Alina Adams Visits and Talks About Neverending Stories




I like neverending stories.

(Well, not at cocktail parties, or award banquets, or when my kids are telling me about what happened at school today by replacing every period with an “and then…”)

But, when it comes to characters I love, I just want the story to go on forever.  (Seriously, did anybody honestly think that Scarlett and Rhett were done at “Frankly, my dear, I don’t give a damn?”  That there wasn’t still a lot to explore with Anna Karenina’s kids post-her unfortunate off-the tracks moment?  That Scout Finch was going to be really something come Alabama’s debutante ball season a few years down the road?)

That’s why I love multi-generational family sagas: Sidney Sheldon’s “Master of the Game,” Belva Plain’s “Evergreen,” Judith Kraantz’ “Mistral’s Daughter.”  (Quick, off that list, everybody guess what decade I came of age in.)

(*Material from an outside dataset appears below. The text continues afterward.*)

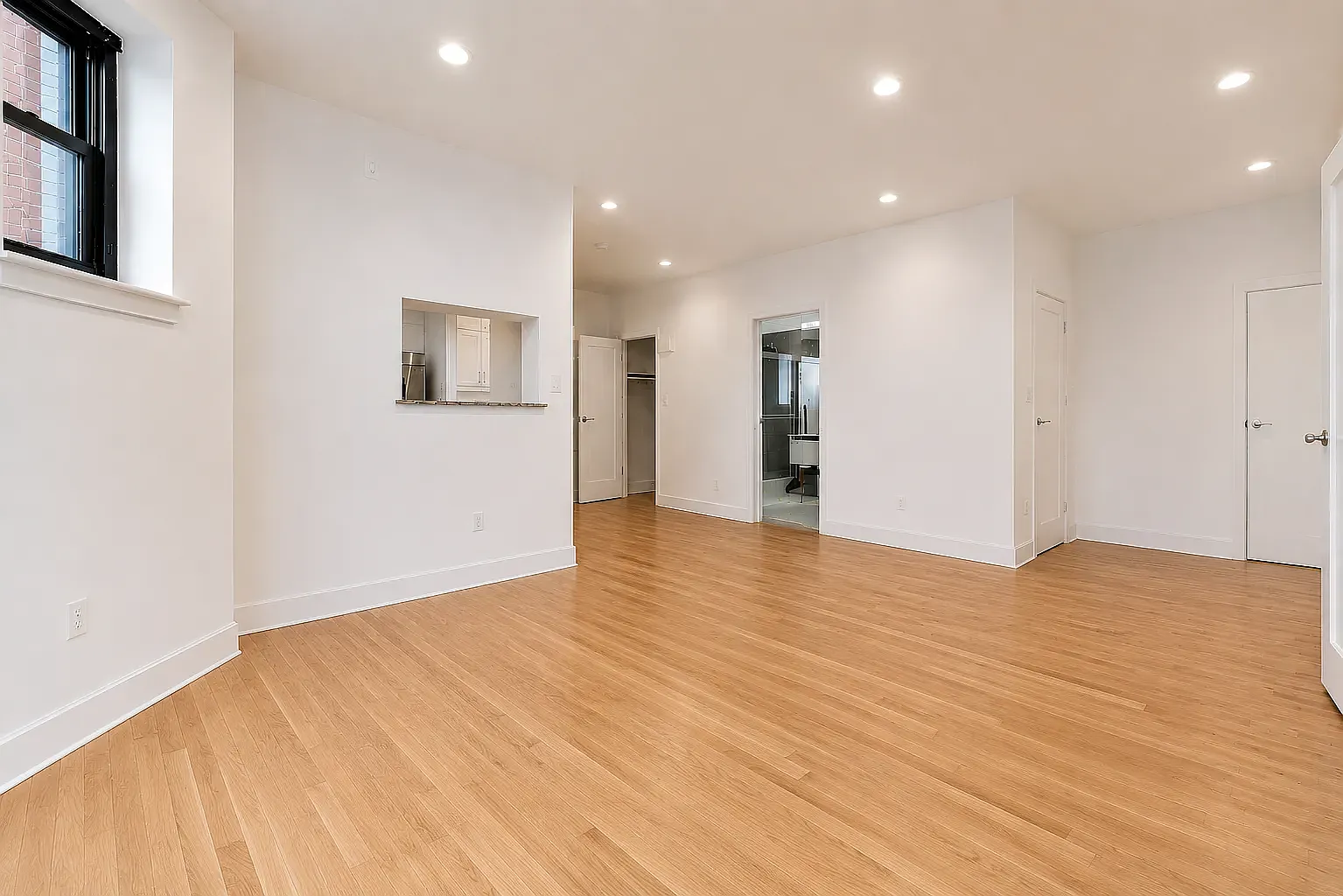 207 East 37th Street — Photo 2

I love family sagas because while romance novels have to be primarily about romance, mysteries have to be primarily about mysteries, adventure tales must have the adventure front and center, and women’s fiction can dabble in everything from parents to siblings to friends to obscure historical details, a family saga can feature all of that in one place.

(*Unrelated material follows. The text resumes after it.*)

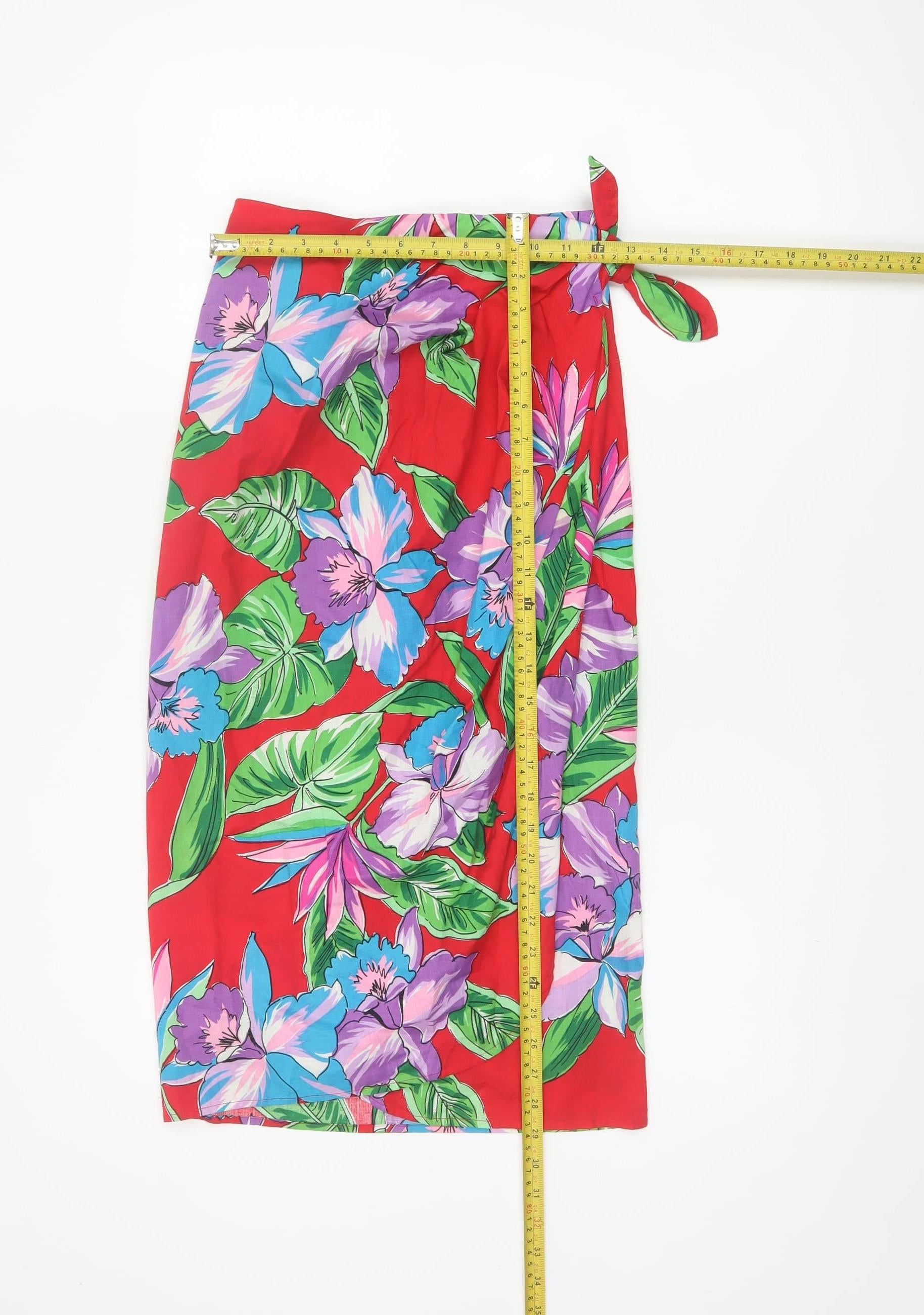 Kama'aina Womens Wrap Skirt Size M Red Floral Casual Lightweight - label detail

The problem is – unless I am seriously missing an entire section in my local Barnes & Noble – they really aren’t publishing books quite like that anymore.

To quote Gloria Swanson in “Sunset Boulevard,” everything just got… “smaller.”

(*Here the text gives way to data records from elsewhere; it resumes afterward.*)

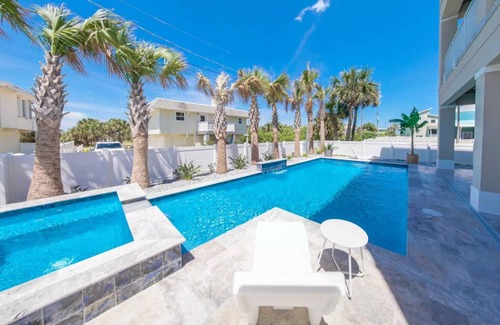 Marineland Acres House | House ∙ 5 bedrooms ∙ 12 guests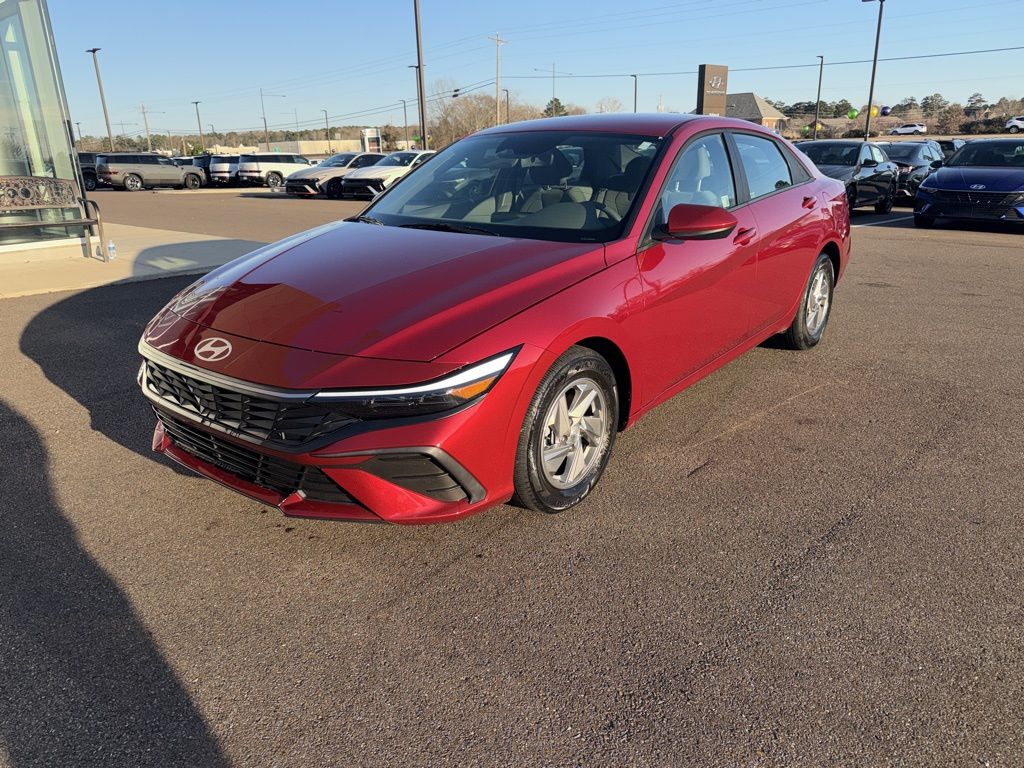 2024 Hyundai Elantra SE FWD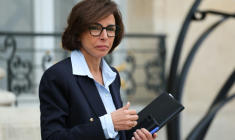 La ministre de la Culture Rachida Dati à la sortie du Conseil des ministres à l'Elysée, le 29 octobre 2025 à Paris ( AFP / Ludovic MARIN )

Back in the mid-1990s when, after publishing two Regency romances (“The Fictitious Marquis” and “Thieves at Heart”) and two contemporary romances, (“Annie’s Wild Ride” and “When a Man Loves a Woman”), I tried to pitch my publisher a sprawling family saga like the type I’d grown up reading (there, another clue about my age), I was told that, “People don’t like that kind of thing anymore.”

Really?

Seriously?

Are you telling me that, when the clock struck midnight on January 1, 1990, literally hundreds of thousands of people who’d made Sheldon and Krantz and Plain and Collins and Steele best-sellers just… got over it?

Where did they go?

I was informed that readers like “intimate” books now.

That’s fine.  There’s nothing wrong with intimate stories.  What I want to know is: Who decides these things?

Is there some kind of publishing cabal that takes a vote and then sends up smoke signals, like when the Vatican elects a new pope?  Is it a category in the long-form census that I’ve yet to get?

Who gets to choose what’s in and what’s out?

And have any of you ever found yourself standing in a bookstore (or skimming, mystified, on your Kindle), wondering, “Hey, where did my favorite genre go?”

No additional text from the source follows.